Tuesday, May 31, 2022

Why we need clearly defined goals

 A common issue I observe in many organizations - there's no visible goal beyond, "Get this work done," and people don't even see the point in "wasting time to set a goal." The problem: many organizations are just tactical engines generating work and handling exceptions in the generated work. Yet, most of this work has no goal. Goal-setting is not an esoterical exercise, and here's why.


The Hidden Factory

One concept of Lean Management is the "Hidden Factory" - and this concept deserves some kind of explanation. A factory is an institution that applies work to input in order to generate some outputs. So far, so good. A "hidden factory," on the other hand, is a factory within a factory, doing work without generating viable outputs: either nothing - or waste.

To understand the problem of hidden factories, think like a customer.

You get the option to buy your product from one of two providers.

Company A has a straightforward process, turning raw input into consumable output, and Company B has a process that turns the same input into something, then into something else, then into something else, then into the same consumable output.

This extra work makes Provider B's product is more expensive to produce, without any discernable difference to the product sold by Company A.

Company A and Company B thus sell products which are identical in all aspects - except price. Company B has to charge a premium to cover the extra work they do. Which product would you purchase?

As customers, we do not care how much work is required to do something. Given all other things equal, we choose to opt for the cheapest, fastest way of meeting our needs.

And companies are no different here. But how does that relate to goal-setting?

Induced and intermediate work

Many companies are great at inducing work - and once that work has been induced, it becomes necessary, and the people doing it must do it, otherwise the outcome can no longer be achieved.

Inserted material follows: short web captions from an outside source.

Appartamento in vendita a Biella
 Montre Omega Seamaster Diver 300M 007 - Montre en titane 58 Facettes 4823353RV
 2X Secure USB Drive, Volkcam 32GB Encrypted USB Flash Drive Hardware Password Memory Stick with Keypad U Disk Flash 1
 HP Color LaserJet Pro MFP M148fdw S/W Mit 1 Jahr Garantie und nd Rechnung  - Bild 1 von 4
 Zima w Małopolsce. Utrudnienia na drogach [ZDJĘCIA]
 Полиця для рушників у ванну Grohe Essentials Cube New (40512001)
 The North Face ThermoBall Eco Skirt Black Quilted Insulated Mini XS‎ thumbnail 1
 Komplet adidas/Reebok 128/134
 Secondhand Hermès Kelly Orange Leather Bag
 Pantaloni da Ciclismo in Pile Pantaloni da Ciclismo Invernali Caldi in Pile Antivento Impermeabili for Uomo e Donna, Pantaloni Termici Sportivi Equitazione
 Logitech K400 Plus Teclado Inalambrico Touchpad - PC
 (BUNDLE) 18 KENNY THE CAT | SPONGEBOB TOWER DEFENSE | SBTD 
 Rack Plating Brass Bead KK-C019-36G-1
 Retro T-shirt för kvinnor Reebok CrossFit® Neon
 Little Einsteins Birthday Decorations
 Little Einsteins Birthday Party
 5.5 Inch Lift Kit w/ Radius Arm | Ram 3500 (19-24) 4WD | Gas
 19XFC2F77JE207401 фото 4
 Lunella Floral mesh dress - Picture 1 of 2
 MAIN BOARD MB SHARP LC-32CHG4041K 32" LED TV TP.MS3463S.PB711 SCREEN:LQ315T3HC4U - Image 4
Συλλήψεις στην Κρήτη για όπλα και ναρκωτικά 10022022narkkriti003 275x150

Let's pick a practical example.
We have chosen to use a Design Process that requires any changes to be made as a sequential series of steps:
  1. Request the element to be changed
  2. Describe the change to be made
  3. Prototype the change
  4. Validate the change
  5. Implement the change
  6. Verify the change
While you may argue that all of these steps are common sense and necessary, our specific process choice has just locked us into a process that turns replacing an image into a full day's work - a change that could be done by a competent developer in a couple of minutes.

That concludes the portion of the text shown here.